すべてを曝け出した懇親の傑作私小説、ついに登場。
樋口は人間の異様さや猥雑さを描かせたら容赦ない表現で右に出る者はいないほど、えげつない。狂ったような妄想、反吐が出そうなほどの下ネタ。そんな作風だから、○○に入れる文字をまず想像した。
女はアナだと。
女は馬鹿だと。
女は白痴だと。
女は下劣だと。
女は女神だと。
5番目の「女神」については、私が人品卑しからぬ印象になるのを怖れていま付け加えただけで、上からの4つがリードを書いた編集者に対する私の回答だ。
読み進んで行くと、樋口と交遊関係にあるタモリ、白石一文、春日太一、椰月美智子といった実在の人物が実名で登場していた。私小説ゆえなんら不思議はないのだが、たとえば白石一文が「樋口さん、椰月美智子とはヤッたんですか?」と訪ね、「ヤッてません!(中略)二年前にふたりで大久保の焼肉屋で食べたとき、ホテルに誘ったけど断られました」と答える場面がある。こんなどこにも出してはいけない内輪話を文芸誌に書いちゃっていいの? いや、文芸誌だからいいのか。ともかく樋口はタブーを怖れぬ無頼派で、これから何をするのか、楽しみだ。樋口も安倍が嫌いで仕方ないようなので、どうせだったら野坂昭如の『てろてろ』みたいな小説を書いてその直後、安倍をテロルして欲しいなあとマジで思う。もし本当に暗殺したあかつきには、私の全財産をあげるだよ。
で、○○に入る正解は意外とまともな言葉だった。
本文の最後に出て来た。「勝者」だった。
女はみんな勝者だ。一度負けても、決まって後で勝つ。
樋口、おまえなかなかいきなことを書くじゃないか。オレの読みを外したな。
私は新聞でも雑誌でも本でもテレビでも、いつでもこんなふうに対話している。
私は敗者だ。一度勝っても、決まってその後に負ける永遠の敗者だ…。
…なんて日記を毎日書いている私。
今日は昼イチ、ラズリの餌を買いに湘南モールまでクルマで行った。ドッグフードを買いにわざわざ10キロ超も離れた大型ショッピングモールへ行くこともないのだが、暖房が家よりも効くクルマに乗って、ドライブしたいだけ。
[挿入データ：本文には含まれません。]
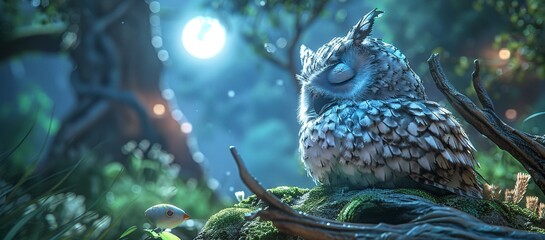 Wall Mural - Sleeping Owl in a Magical Forest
134号線を走っていると、江の島が見える。雨のせいで、空も空気も海も江の島も曇っている。磨りガラスのようなフィルターがかかって、江の島は水彩画のように見えた。輪郭が溶け出したように厚みを帯びて、その前に無数の荒い波が立っている。稲村ガ崎から腰越を過ぎるまで、江の島の姿がクレッシェンドする。橋まで来ると、汚い建物まで見えて、ちぇ、つまんねえの、と思う。女と同じで、遠目から見るのが一番だ。
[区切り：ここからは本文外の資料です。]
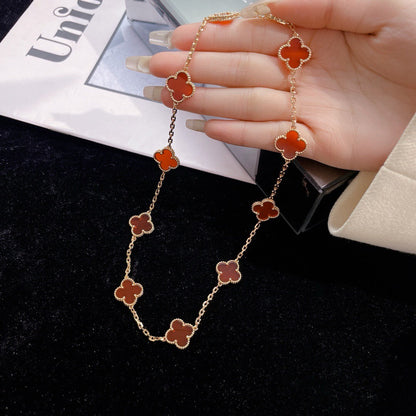 [Basjewels]CLOVER 10 MOTIFS CARNELIAN NECKLACE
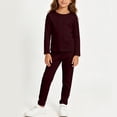 thumbnail image 3 of NAISIBABY Girls 2 Piece Loungewear Set,Long Sleeve Crew Neck Shirt and Elastic Waist Pants Home Clothes Daily Casual Wine Size 7, 3 of 6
ダメだ、このところ、口の悪い小説ばっか読んでいると、伝染してしまった。
ドッグフードを買って、靴下も買って、自転車のライトまでも買って帰宅したら、コンサートの招待状が届いていた。ああ、嬉しい。こんな俺に、ご丁寧なお心遣い、ありがとうございます。
明日、お礼状と鳩サブレーをお送りしようと思います。